Vibrio – A Good Reason to Keep Shellfish Cool
By Kohl Kanwit
Vibrios are a naturally occurring bacteria typically found in marine waters. Several species of Vibrio can cause illness in humans through the consumption of raw or undercooked seafood or by wound infections. Bivalve shellfish are filter feeders, meaning they feed by straining the surrounding water in order to collect food particles; these particles (including bacteria) can then become concentrated in their guts. Vibrios are present throughout the marine environment, but pathogenic strains tend to be associated with warmer waters in the summer months. If Vibrios are already present in shellfish, they can multiply within harvested bivalves which are exposed to warm temperatures like the deck of a boat on a sunny day in August or an un-shaded summer picnic table. Research indicates the growth rates of Vibrio parahemolyticus (Vp) within harvested bivalves are determined by temperature; at 90°F the Vibrio population will double every hour, at 80°F it takes about two hours, at 60°F it takes over a day for the bacteria population to double, and below 50 the growth of Vp essentially stops.

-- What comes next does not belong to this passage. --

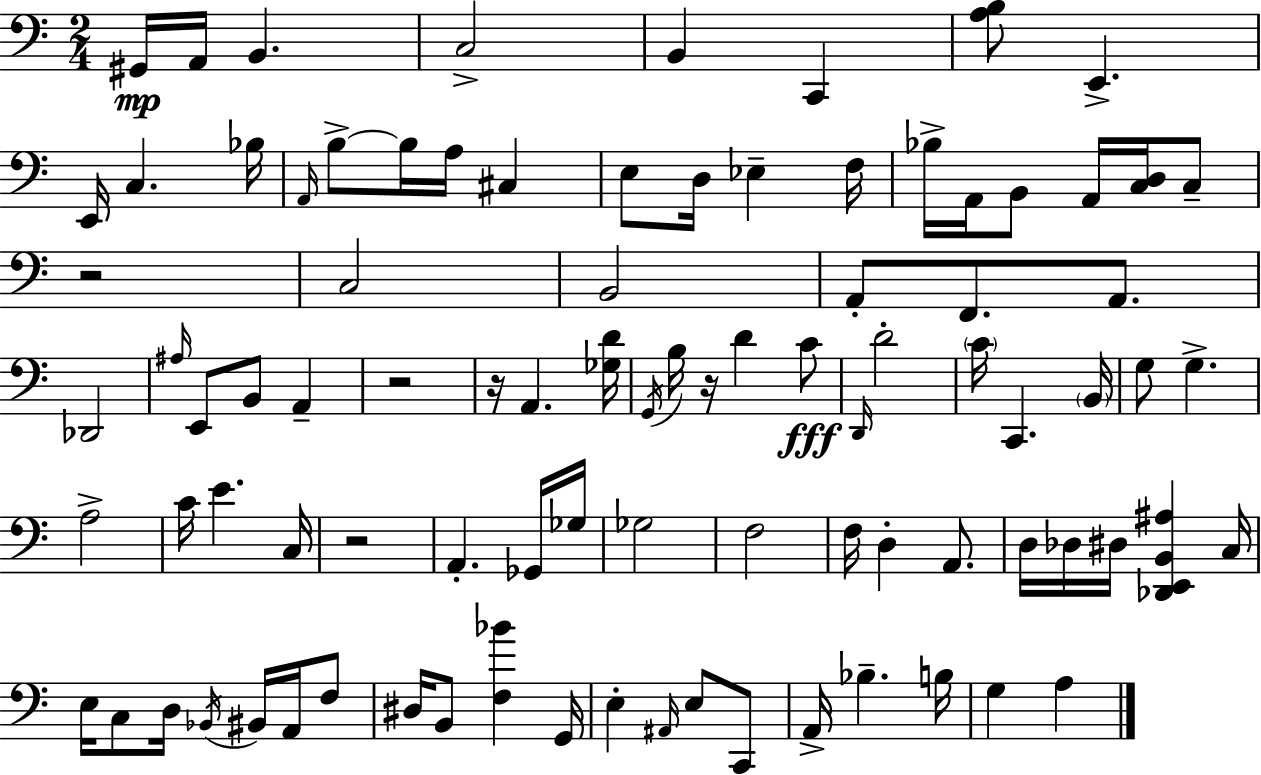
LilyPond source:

The best way to keep bivalve shellfish safe from Vibrio contamination is by cooling product as quickly as possible after harvest. This applies to recreational harvesters and retail purchases as well; keep your catch or purchase in a cooler with an icepack until you are ready to enjoy it. The best defense against the threat of Vp in Maine shellfish is education of the industry and consumers, as well as a commitment from harvesters and dealers to adhere to time/temperature controls. Keep Maine shellfish safe by keeping it cool!